Problem to work on
Everything from the first line of the records to the line containing "MED27 Basketball Medal", inclusive, is to be extracted exactly, and nothing more.
######
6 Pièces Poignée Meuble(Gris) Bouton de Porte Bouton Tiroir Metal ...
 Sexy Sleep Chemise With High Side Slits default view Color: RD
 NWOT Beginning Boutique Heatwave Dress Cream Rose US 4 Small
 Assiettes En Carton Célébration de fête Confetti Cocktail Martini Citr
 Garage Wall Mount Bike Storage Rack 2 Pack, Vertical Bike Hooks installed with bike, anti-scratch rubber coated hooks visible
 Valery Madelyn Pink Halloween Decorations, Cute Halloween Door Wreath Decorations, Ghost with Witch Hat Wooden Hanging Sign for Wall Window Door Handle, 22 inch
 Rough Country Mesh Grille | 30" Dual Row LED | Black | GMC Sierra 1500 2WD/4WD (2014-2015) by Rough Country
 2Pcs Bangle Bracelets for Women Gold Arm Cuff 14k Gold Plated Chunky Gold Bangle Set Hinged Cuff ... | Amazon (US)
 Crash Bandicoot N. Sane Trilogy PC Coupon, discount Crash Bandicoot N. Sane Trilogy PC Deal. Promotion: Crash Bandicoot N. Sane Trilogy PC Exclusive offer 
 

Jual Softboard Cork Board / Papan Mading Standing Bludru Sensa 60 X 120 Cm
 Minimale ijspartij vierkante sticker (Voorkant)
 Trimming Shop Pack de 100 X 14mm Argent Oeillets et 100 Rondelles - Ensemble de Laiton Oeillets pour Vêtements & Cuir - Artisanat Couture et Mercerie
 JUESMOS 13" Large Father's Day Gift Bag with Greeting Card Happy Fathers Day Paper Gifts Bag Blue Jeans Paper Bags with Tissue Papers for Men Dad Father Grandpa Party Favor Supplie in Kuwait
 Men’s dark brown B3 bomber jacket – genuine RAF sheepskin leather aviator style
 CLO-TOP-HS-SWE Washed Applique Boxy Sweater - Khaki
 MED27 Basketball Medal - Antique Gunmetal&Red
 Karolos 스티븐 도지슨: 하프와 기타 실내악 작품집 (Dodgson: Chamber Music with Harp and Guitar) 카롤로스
######
Solution to this task
6 Pièces Poignée Meuble(Gris) Bouton de Porte Bouton Tiroir Metal ...
 Sexy Sleep Chemise With High Side Slits default view Color: RD
 NWOT Beginning Boutique Heatwave Dress Cream Rose US 4 Small
 Assiettes En Carton Célébration de fête Confetti Cocktail Martini Citr
 Garage Wall Mount Bike Storage Rack 2 Pack, Vertical Bike Hooks installed with bike, anti-scratch rubber coated hooks visible
 Valery Madelyn Pink Halloween Decorations, Cute Halloween Door Wreath Decorations, Ghost with Witch Hat Wooden Hanging Sign for Wall Window Door Handle, 22 inch
 Rough Country Mesh Grille | 30" Dual Row LED | Black | GMC Sierra 1500 2WD/4WD (2014-2015) by Rough Country
 2Pcs Bangle Bracelets for Women Gold Arm Cuff 14k Gold Plated Chunky Gold Bangle Set Hinged Cuff ... | Amazon (US)
 Crash Bandicoot N. Sane Trilogy PC Coupon, discount Crash Bandicoot N. Sane Trilogy PC Deal. Promotion: Crash Bandicoot N. Sane Trilogy PC Exclusive offer 
 

Jual Softboard Cork Board / Papan Mading Standing Bludru Sensa 60 X 120 Cm
 Minimale ijspartij vierkante sticker (Voorkant)
 Trimming Shop Pack de 100 X 14mm Argent Oeillets et 100 Rondelles - Ensemble de Laiton Oeillets pour Vêtements & Cuir - Artisanat Couture et Mercerie
 JUESMOS 13" Large Father's Day Gift Bag with Greeting Card Happy Fathers Day Paper Gifts Bag Blue Jeans Paper Bags with Tissue Papers for Men Dad Father Grandpa Party Favor Supplie in Kuwait
 Men’s dark brown B3 bomber jacket – genuine RAF sheepskin leather aviator style
 CLO-TOP-HS-SWE Washed Applique Boxy Sweater - Khaki
 MED27 Basketball Medal - Antique Gunmetal&Red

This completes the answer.